# Jordan canonical form and reordering

Consider the Jordan canonical form below \begin{equation*} J = \begin{pmatrix} J_2(\lambda_1)&0& 0& 0\\ 0&J_1(\lambda_2) &0& 0\\ 0& 0& J_3(\lambda_1)& 0\\ 0 &0 &0 &J_2(\lambda_2) \end{pmatrix} \end{equation*} \begin{equation*} = \begin{pmatrix} \lambda_1& 1& 0& 0& 0& 0& 0& 0\\ 0 &\lambda_1 &0& 0& 0& 0& 0& 0\\ 0 &0& \lambda_2 &0& 0& 0& 0& 0\\ 0& 0& 0& \lambda_1& 1& 0& 0 &0\\ 0 &0& 0& 0& \lambda_1 &1& 0& 0\\ 0 &0& 0& 0& 0& \lambda_1 &0& 0\\ 0 &0& 0& 0& 0& 0 &\lambda_2 &1\\ 0& 0& 0& 0& 0& 0& 0& \lambda_2 \end{pmatrix}_{8\times 8} \in M_8(F) \end{equation*} where $\lambda_1 \neq \lambda_2$ in a field $F$.

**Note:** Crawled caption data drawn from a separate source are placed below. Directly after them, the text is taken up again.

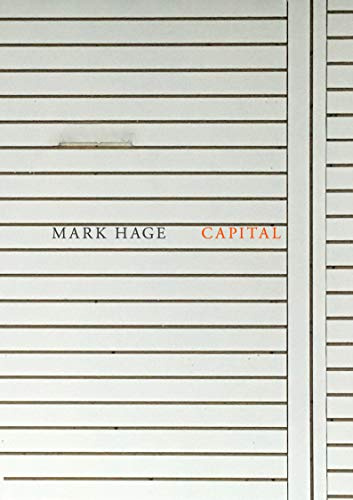 A Public Space Books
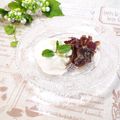 ＊naｰno＊'s cooksnap of when they made 【節約レシピ】さつま芋の皮のキャラメリゼ.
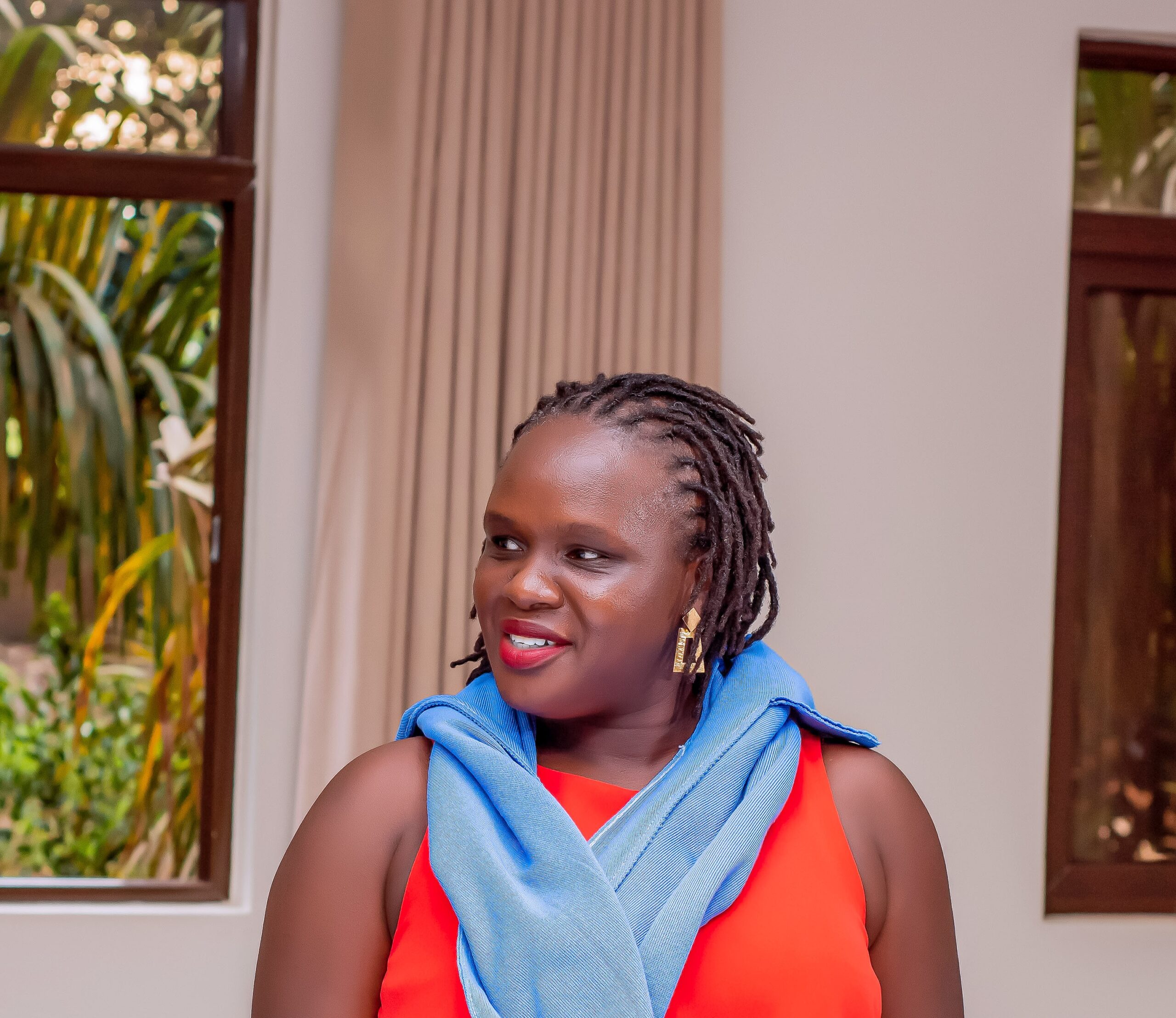 Uganda Co-Hosting CHAN 2024 is a Landmark Achievement in the Country’s Sports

Let \begin{equation*} B := (e_1 = \begin{pmatrix}1\\0\\\vdots\\0\end{pmatrix},\cdots e_8 = \begin{pmatrix}0\\0\\\vdots\\1\end{pmatrix} ) \end{equation*} be the standard basis of $F_c^8$ . Then we can calculate: \begin{eqnarray*} p_J(x) &=& (x - \lambda_1)^5(x - \lambda_2)^3,\\ m_J(x) &=& (x - \lambda_1)^3(x - \lambda_2)^2,\\ V_{\lambda_1} (J)& =& \text{Span}\{e_1, e_4\},\\ V_{\lambda_2} (J) &= &\text{Span}\{e_3, e_7\}. \end{eqnarray*}

Then my query is after reordering of $J$, we can also have basis of eigenspace of $\lambda_1$ to be $span\{e_1,e_3\}$ and basis of eigenspace of $\lambda_2$ to be $span\{e_6,e_7\}$ and everytime you rearrange it will be different. Will that cause any problem? The book said the Jordan canonical form matrix $J$ are still similar after reordering, but how come their eigenspace basis is so different for each reordering? Is it normal?

• If $J_1$ and $J_2$ are two Jordan Normal Forms of a matrix $A$, then $J_1$ and $J_2$ must be similar and have the same spectrum. Basically, one can get from $J_1$ to $J_2$ by similarity transformations. – amarney Oct 30 '17 at 21:15
• Also, I just wanted to add, everything you said is basically correct. The eigenspaces do get scrambled as you say (similarity transformations can be seen as a change of basis, so the eigenvector basis gets mapped to a new basis). The advantage of using the Jordan Canonical form is that it allows one to study $J$ instead of $A$, which may in general be very complicated looking. $J$ tells you everything you could want to know about the eigenvalues of a linear operator, allowing one to prove many things. – amarney Oct 30 '17 at 21:40

## 1 Answer

Let $A \in \mathbb{C}^{n \times n}$ have the following two Jordan Decompositions: \begin{align*} A = X_1 J_1 X_1^{-1}, \quad A = X_2 J_2 X_2^{-1}. \end{align*} Here, $J_1, J_2 \in \mathbb{C}^{n\times n}$ is block-diagonal, and $X \in \mathbb{C}^{n\times n}$ is invertible. Then we have \begin{align*} X_1 J_1 X_1^{-1} = X_2 J_2 X_2^{-1} \implies J_1 = X_1^{-1} X_2 J_2 X_2^{-1}X_1. \end{align*} Now define $X_3 = X_1^{-1} X_2$, so that $X_3^{-1} = X_2^{-1} X_1$, then we have \begin{align*} J_1 = X_3 J_2 X_3^{-1}. \end{align*}

$J_2$ is a "reordering" of $J_1$, but since $J_1$ and $J_2$ are similar matrices, they represent the same linear operator. They will share the same properties that are characteristic of that operator, but they will not share the properties that are dependent on a choice of basis. So, for example, the geometric multiplicies of $J_1$ and $J_2$ will be the same, but the spans of the eigenvectors will probably be different. Wikipedia's discussion on matrix similarity may be enlightening.